The Community Learning Center (CLC) is designed to provide quality education to children who have no access to formal schooling due to multiple cultural and linguistic barriers. These children come from displaced migrant families from different parts of India.

One of those families is Nadeem’s, who migrated to Bengaluru a year ago from Coochbehar district in West Bengal. Nadeem and his wife work in housekeeping at an IT company in Ecospace in the Bellandur IT hub of Bengaluru. His younger daughter Majida was under 3 years of age when we enrolled her into ‘Buds’ – our preschool program in the CLC at Kariyammana Agraharam, Bengaluru.

Along with around forty other 3-5 year-olds, Majida began to learn foundational skills in Kannada, Math, EVS and English.

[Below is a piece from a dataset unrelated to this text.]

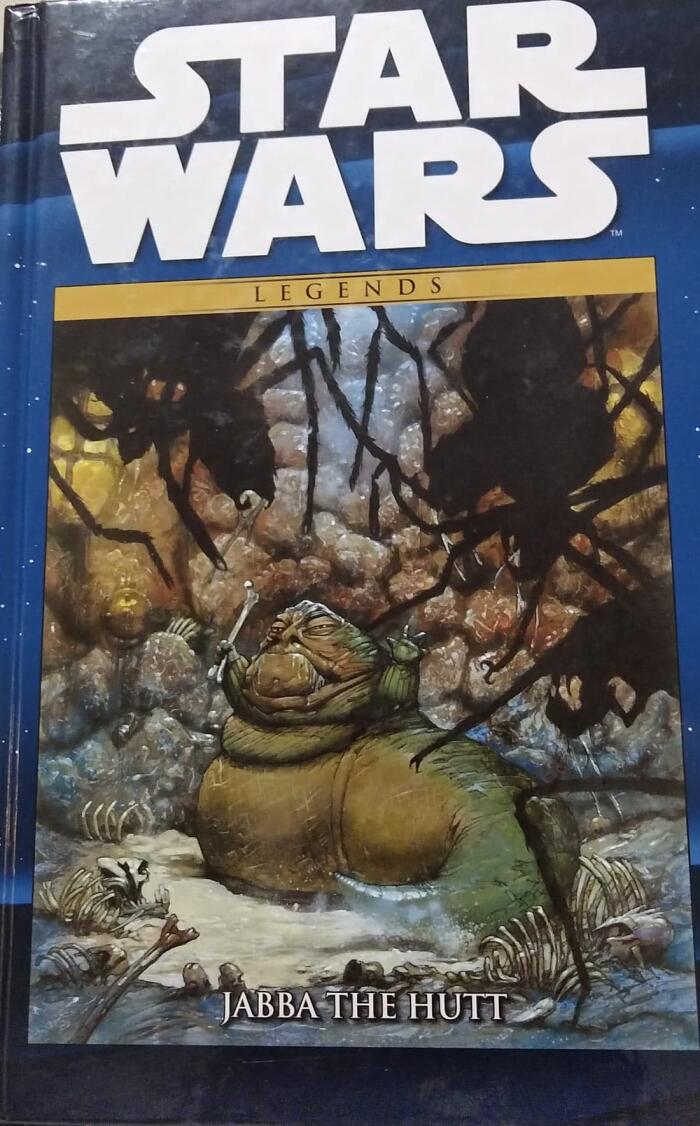 Star Wars: Jabba The Hutt #1-4.LA CINTA DE JABBA. UN CRUMB EN RENTA.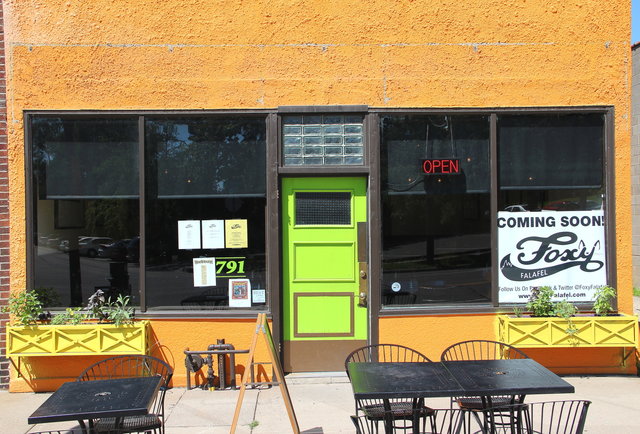 Foxy Falafel's Permanent Home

Based on the Early Childhood Care and Education (ECCE) model, the curriculum is full of activities like singing, dancing and playing while learning the building blocks of concepts in literacy and numeracy. By the time the children turn six, they will become school ready and get mainstreamed into the nearby government school.

Her elder sister Noor (9) is enrolled in the bridge learning program (‘Connect’). This program prepares children towards NIOS (National Institute of Open Schooling) certification. The children are taught by a dedicated team of hired and volunteer teachers. Weekly Dance and Sports classes are much looked forward to! Every year, all the children are taken on multiple field trips. The senior students have bi-weekly football at a nearby turf club and they attend Leadership camps as they grow into young adults.

With both parents being away at work all day, Noor is the sole care-giver for Majida during the day. During lunch breaks, she puts up with Majida’s tantrums and ensures she eats her lunch. The twin programs – ‘Buds’ and ‘Connect’ are able to support families like Nadeem’s – to earn and sustain their family life in the city, while the girls are safe, well cared for, and learning in school. The parents attend regular parent-teacher meetings at the school and are constantly in touch with their teachers on the WhatsApp groups where they get regular updates on the school activities. Nadeem wants his daughters to study further and ‘speak English’. Like other migrants, he too hopes to return home in a few years and admit his girls into a ‘big school’ there.